Stress walks on a thin line in my mind and can have me tilting and falling off the wire by the simplest bit of information. I’ve got three assignments due this week and a knot forms in my stomach whenever the thought emerges.

I used to put all my energy into finishing school work that wasn’t due for weeks or even months. Being ahead of the game made me relieved, contrary to the feeling it gave me throughout. I’ve learned to take it day by day and to refrain from putting an entire month’s worth of work into one week. The end might give a sigh of relief, but the stress level to get there doesn’t justify it.

Additionally, relieving as much stress as the schedule allows will leave a clear mind. If a project is due in 10 days and an essay is due in five, focus on the essay first (unless the project carries more weight and should have been worked on for weeks prior). Prioritize the assignments and focus on one before working on another.

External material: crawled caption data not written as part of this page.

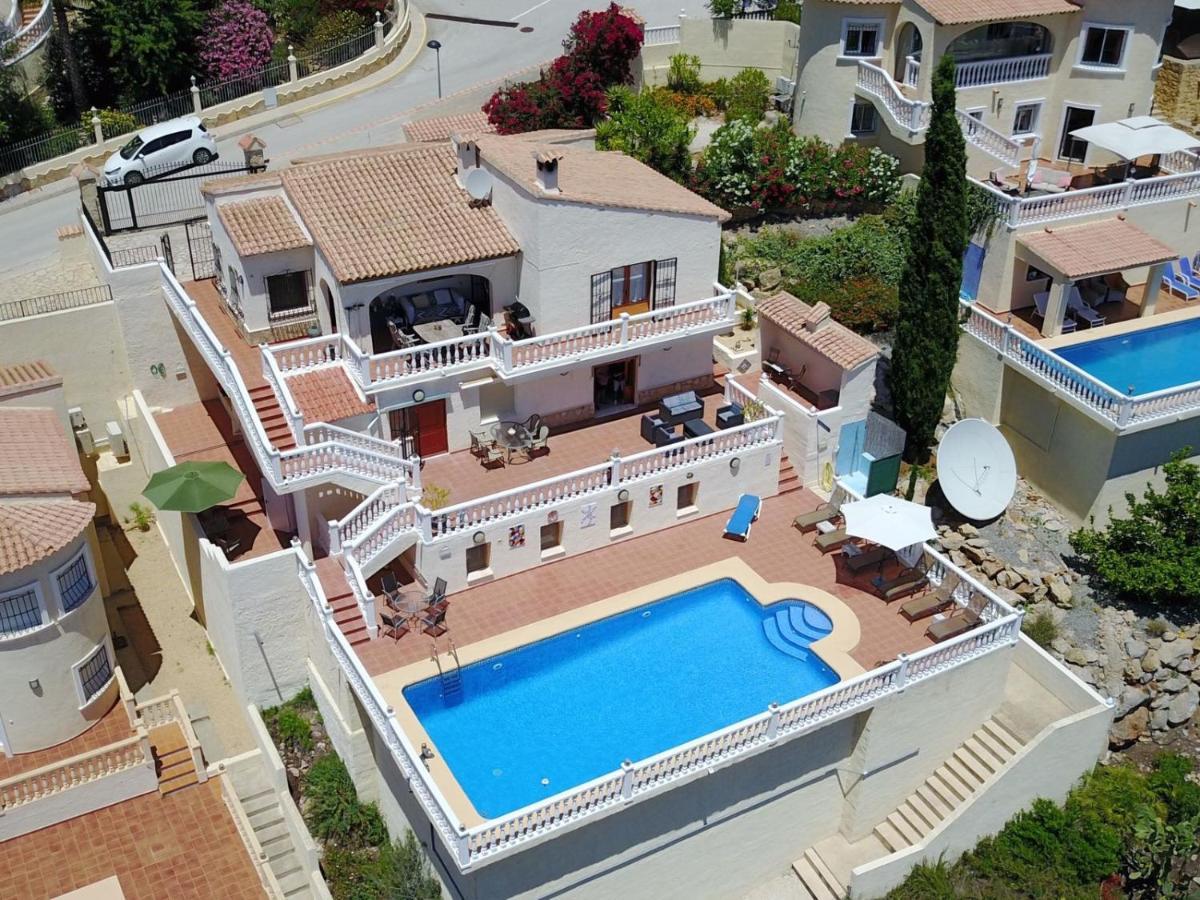 Casa Gran Vista, Studio, Adults Only Daire Jalón Dış mekan fotoğraf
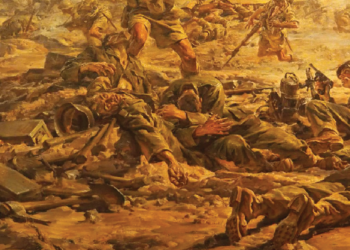 Diversionary War Theory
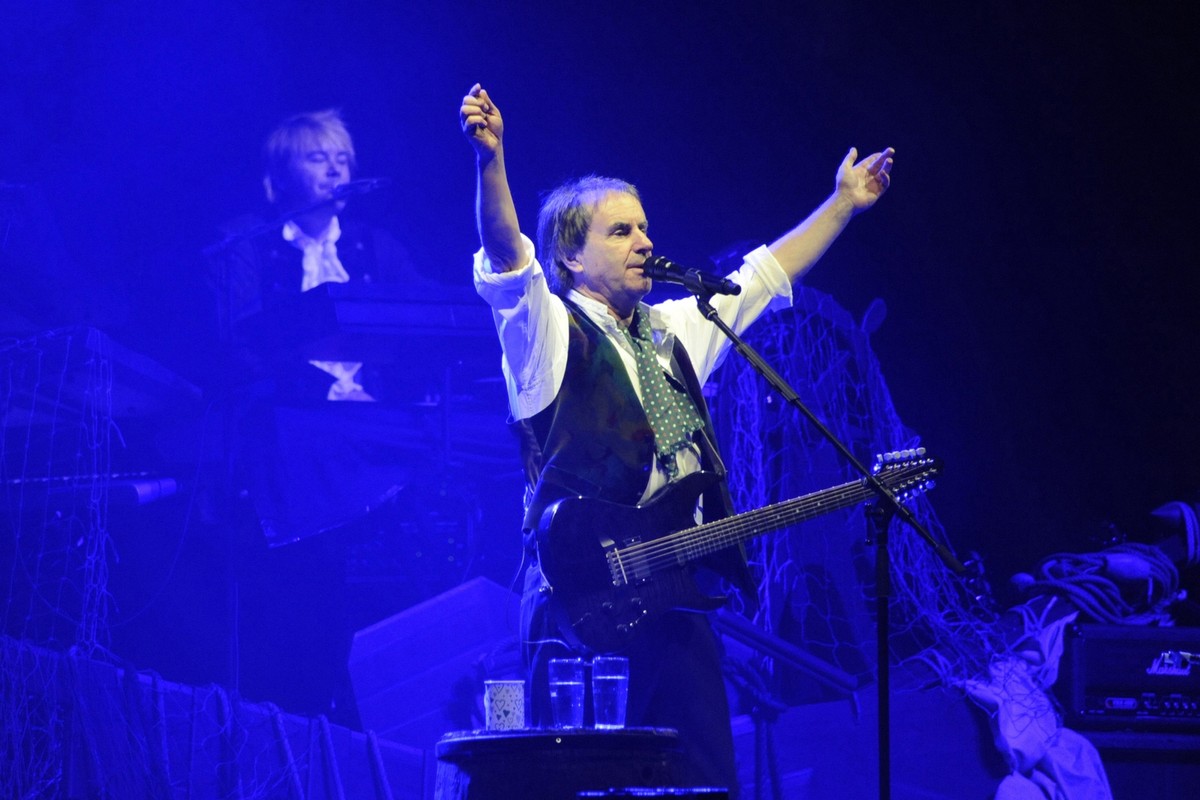 Chris de Burgh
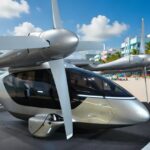 Miami busca liderar innovación mundial con proyecto de taxis voladores eléctricos
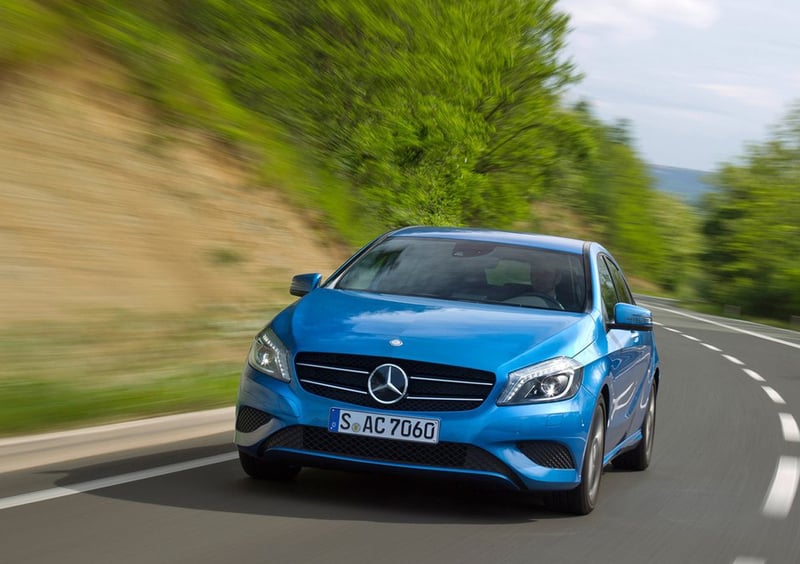 Mercedes-Benz Classe A (2012-18) (5)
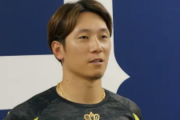 西川龍馬「球団に『セリーグ他球団に行くことは絶対にありません』と伝えました」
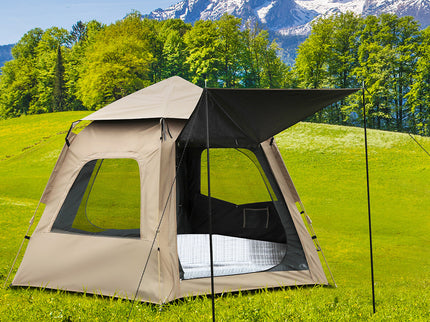 Instant Pop up Tent Auto Family Camping-1894516811932766215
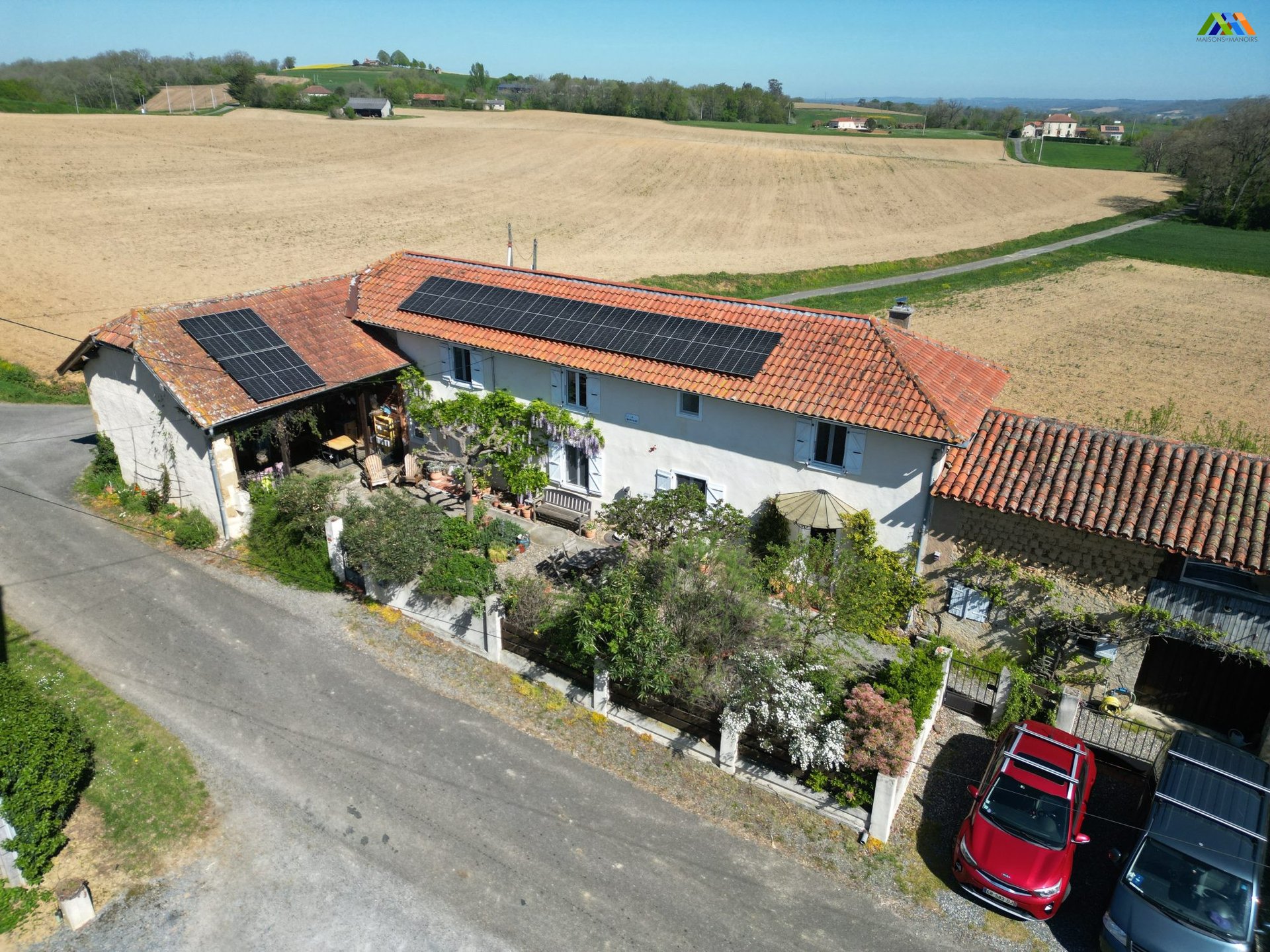 Maison à vendre, 151m², Mirande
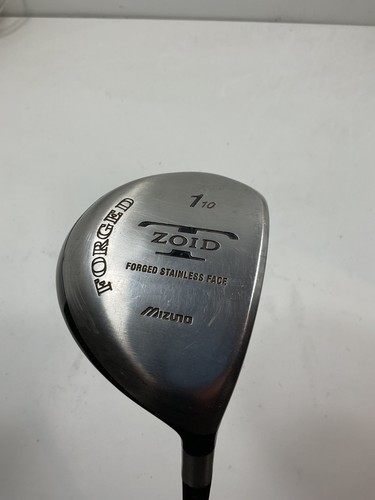 Mizuno zoid forged - forged, 10°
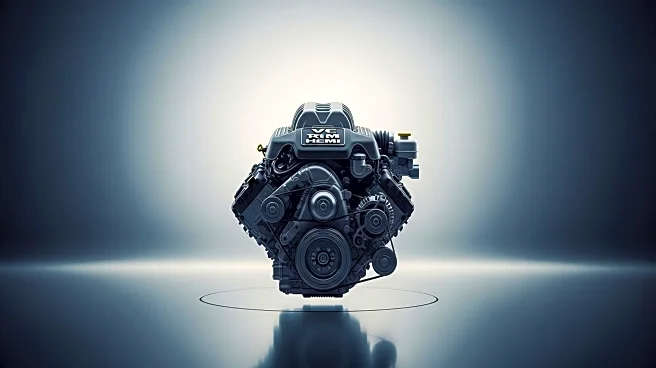 Ram 1500 Hemi Returns with V-8 Engine Amid Emissions Changes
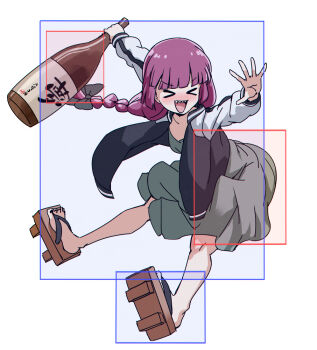 Proxied media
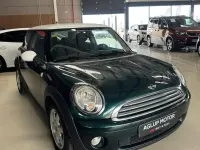 Usado Mini Cooper 120 CV (88 kW) 2008 Verde Utilitario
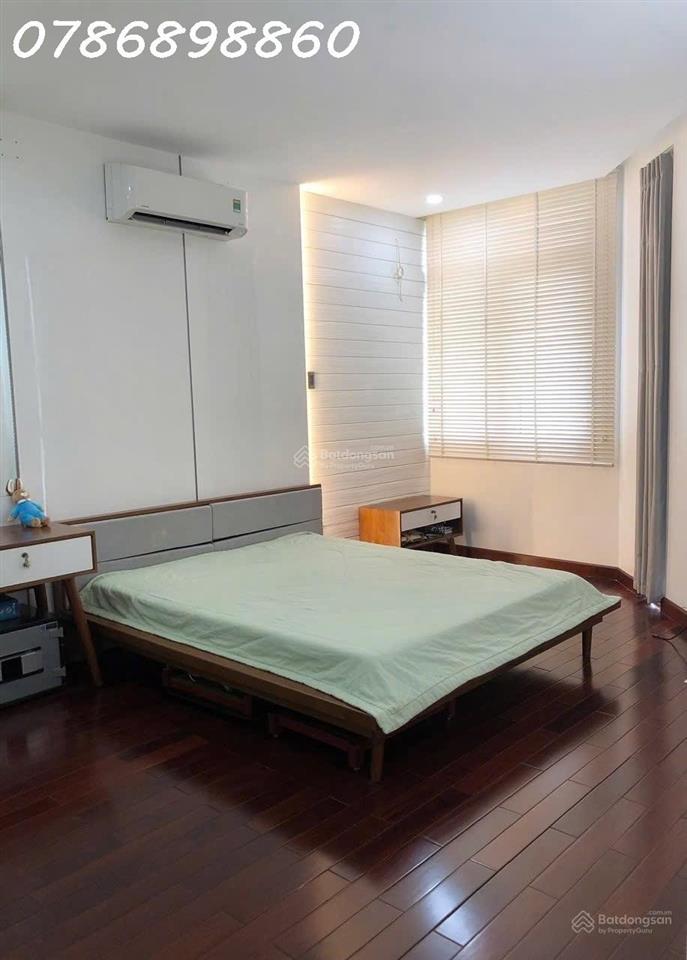 Bán nhà 4 tầng kdc tân quy đông, quận 7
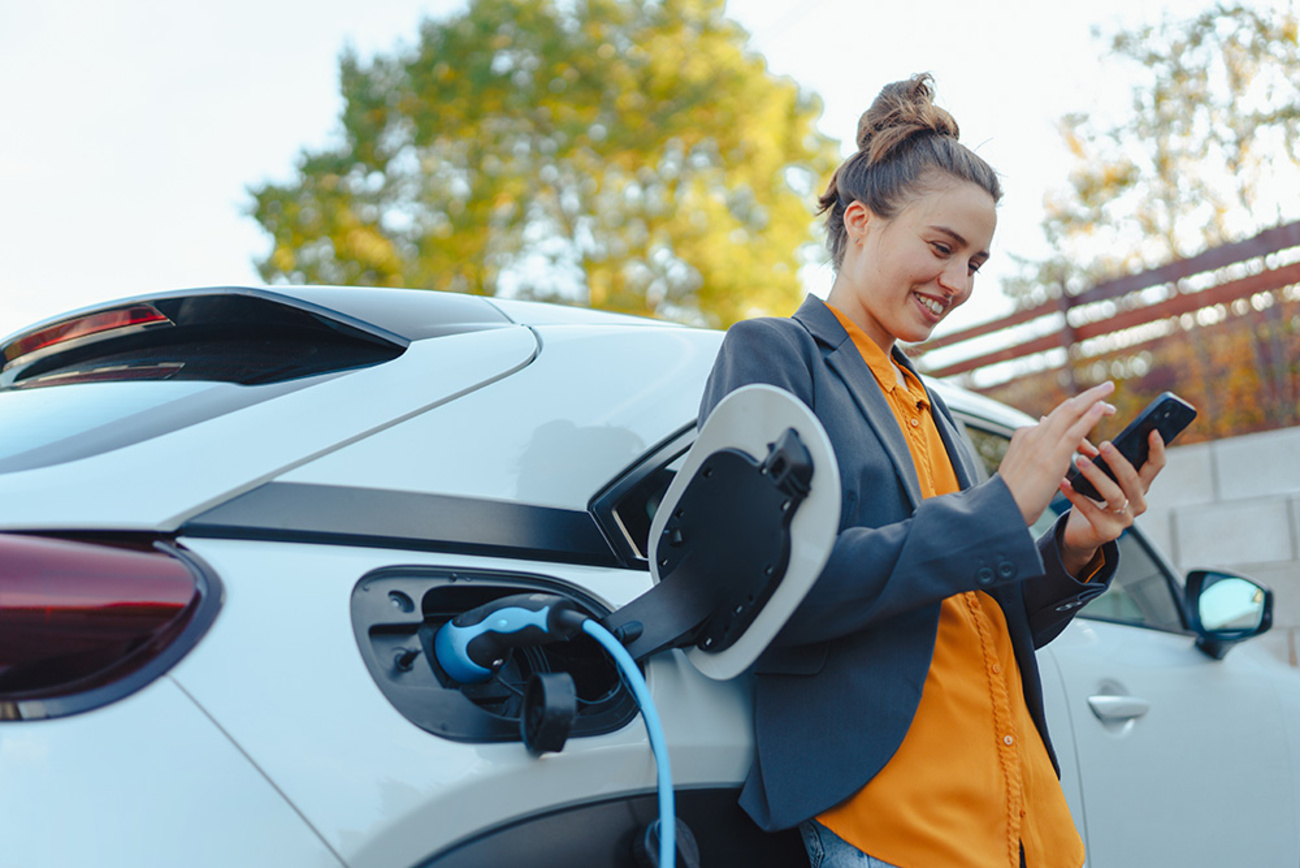 Elektro­mobilität bei Elektro Technik Weiß e.K. in Lauterbach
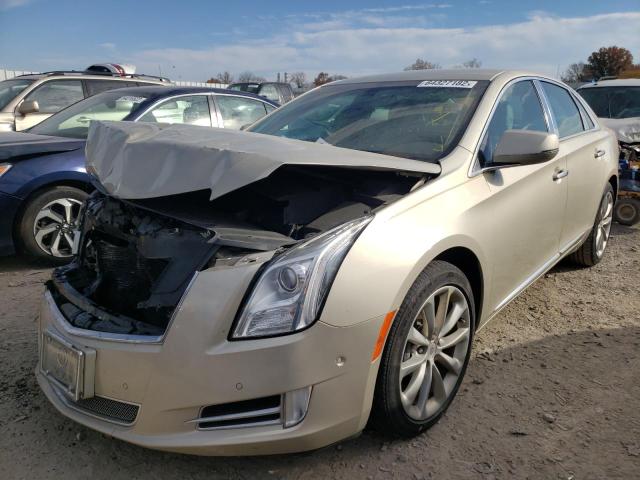 Photo 2 from auction – 2014 CADILLAC XTS LUXURY with VIN 2G61M5S30E9170145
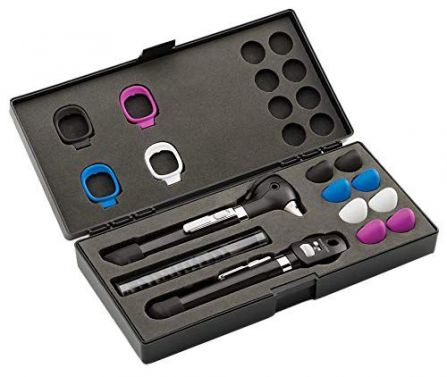WELCH ALLYN POCKET LED PLUS OTOSCOPES & OPHTHALMOSCOPES SET
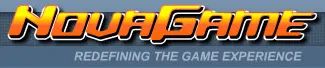 Logo: NovaGame, Inc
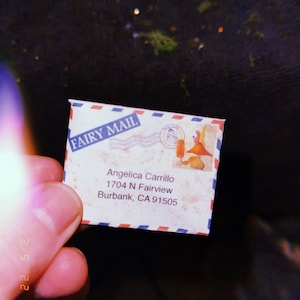 Anna hat ein Foto des gekauften Artikels hinzugefügt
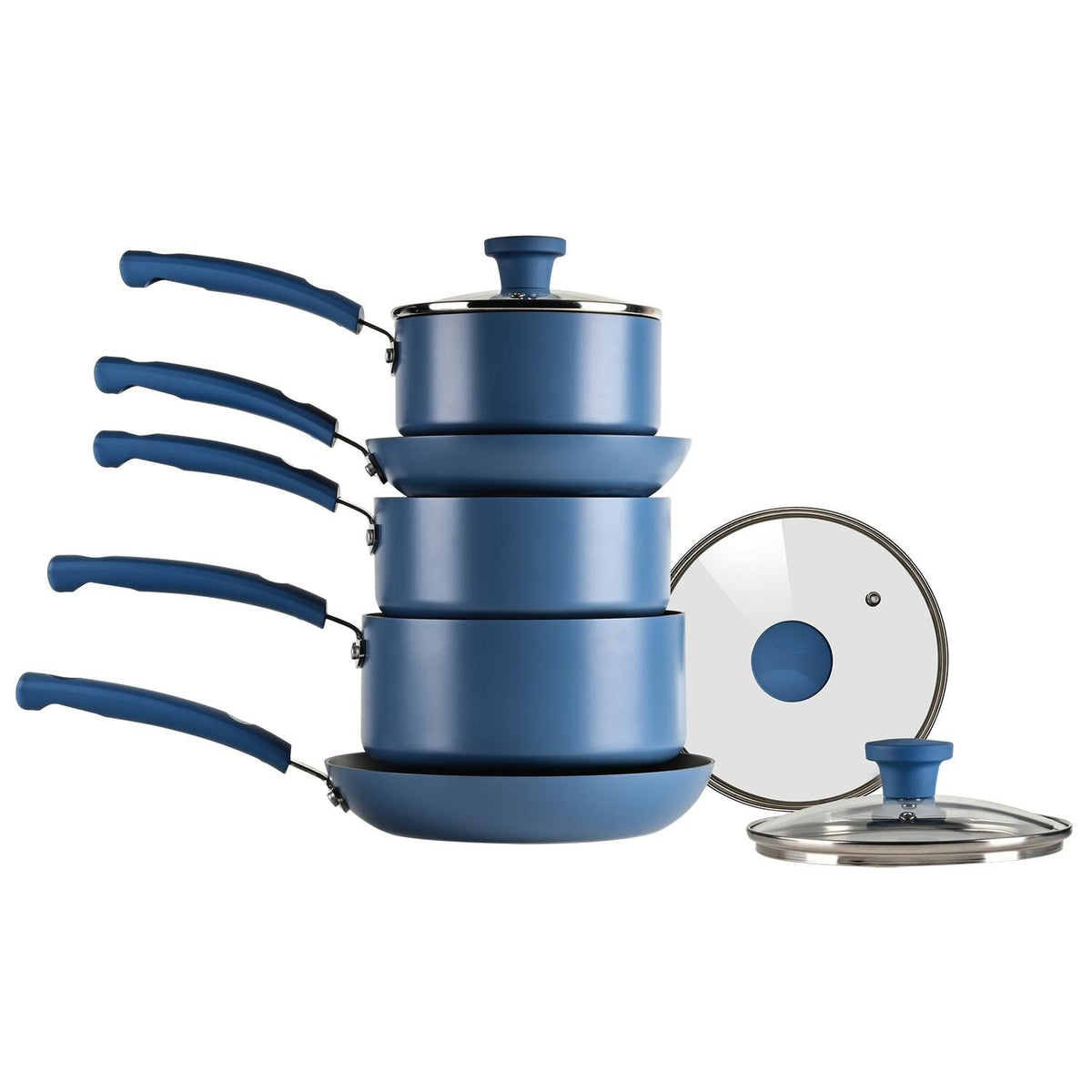 Simply Lakeland 5-Piece Pan Set
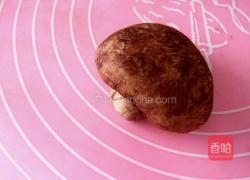 香菇豆包的做法图解11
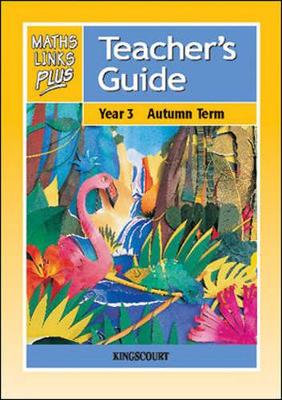 Mlp Yr3 T/Guide(Tm1 Autumn)
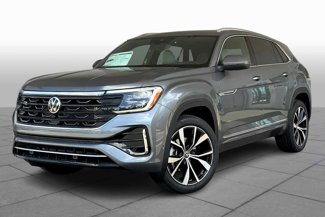 New 2025 Volkswagen Atlas Cross Sport SEL Premium R-Line image 1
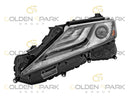 2021-2022 Toyota Camry XSE Headlight Lamp LH (Black Accents) (Driver Side) - Golden Spark Group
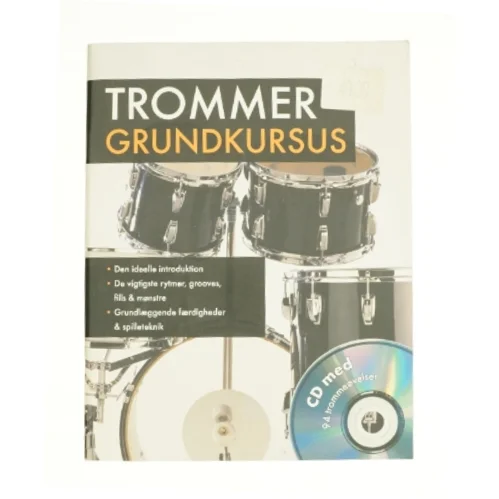 The Drums: Beginner's Guide (Bog)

What I stressed about three years ago is nowhere near what I stress about now. A tough general education class isn’t important compared to my unknown post-college future. I’m sure what gives me stress three years from now could be more significant than just college assignments. Knowing that the inevitable happens like building blocks, I found a better way of containing my stress from exploding on everyone around me.

Finding little activities to release stress is important, or you just might lash out on your best friend for something so trivial. Everyone is different in terms of finding what helps destress. However, deep breaths, listening to music, exercising or staying in communication with loved ones are few of the several options.  

Sadly, stress doesn’t end with college or once you land a job. It continues when you do things like decide to have a family. It’s one of the dreadful aspects that looms over us unless we take control of it and push it away.

Before you go trekking through the blizzard that college throws at you, suit up and embrace the experience, you’ve only got so much time.